## Problem statement
Word for word, restate the lines of the listing below from the line with "NIKE AIR WINFLO" through the line with "HONDA HR-V 1.8 16V FLEX EX 4P AUTOMÁTICO", and do not include the pictures.
Segment Start: Provided data
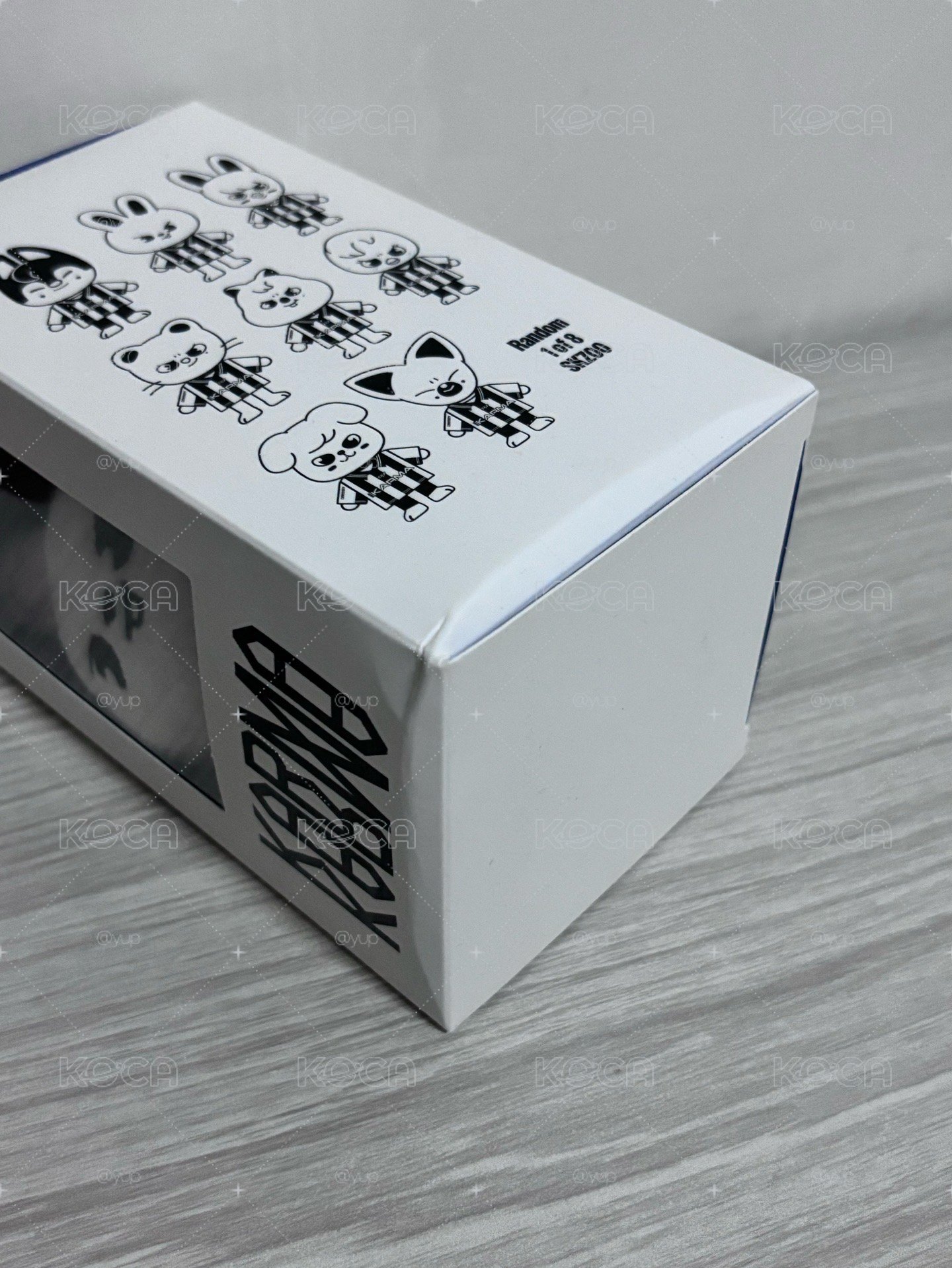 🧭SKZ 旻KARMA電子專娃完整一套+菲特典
Segment End: Provided data
Segment Start: Provided data
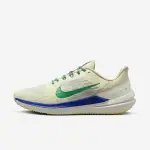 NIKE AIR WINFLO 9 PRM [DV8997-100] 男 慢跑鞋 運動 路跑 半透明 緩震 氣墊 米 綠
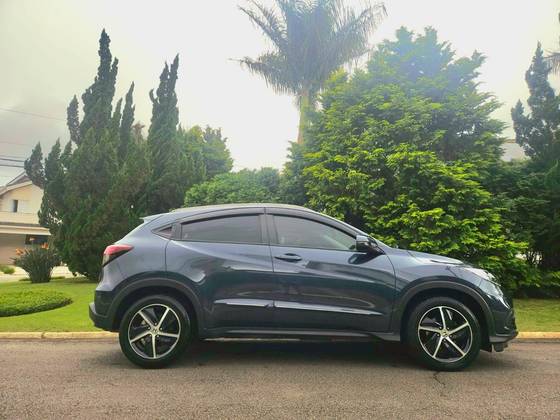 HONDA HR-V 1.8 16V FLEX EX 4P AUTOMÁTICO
Segment End: Provided data
Segment Start: Provided data
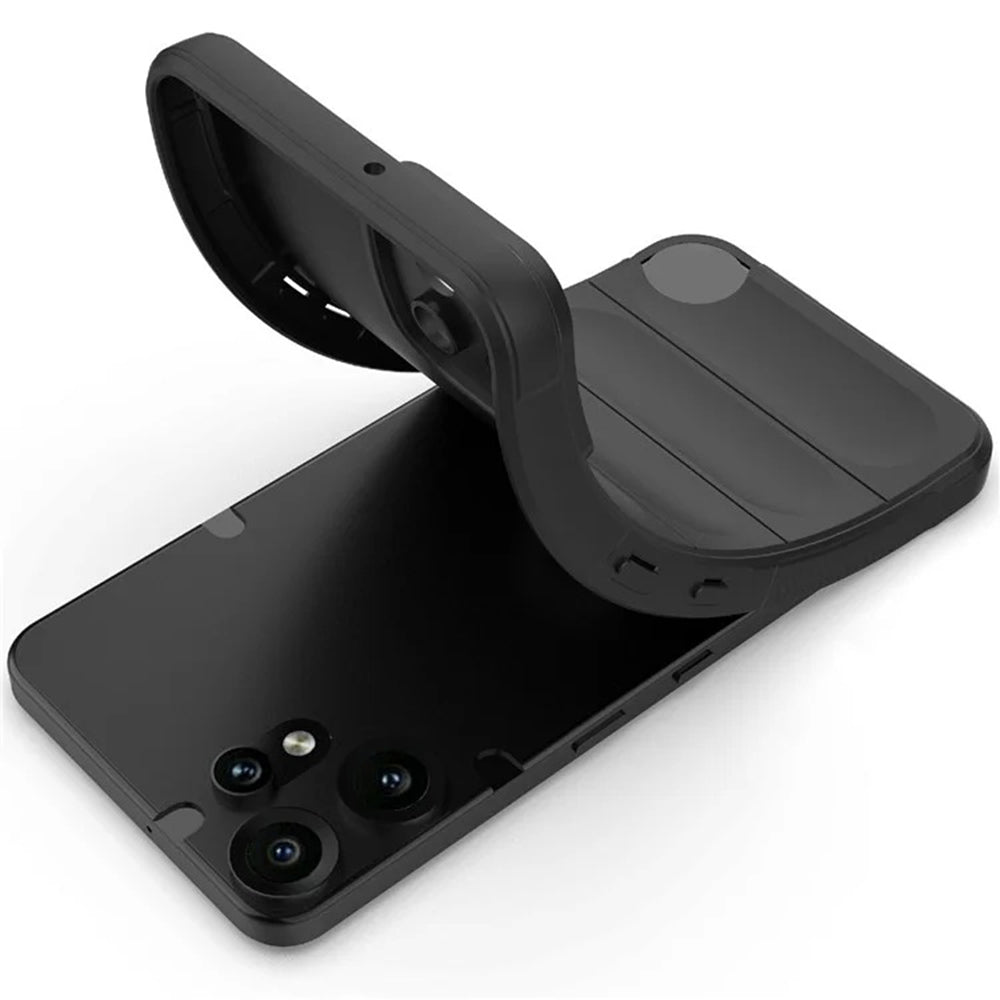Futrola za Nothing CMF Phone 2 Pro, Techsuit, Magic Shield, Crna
Segment End: Provided data
## Reply to the exercise
 NIKE AIR WINFLO 9 PRM [DV8997-100] 男 慢跑鞋 運動 路跑 半透明 緩震 氣墊 米 綠
 HONDA HR-V 1.8 16V FLEX EX 4P AUTOMÁTICO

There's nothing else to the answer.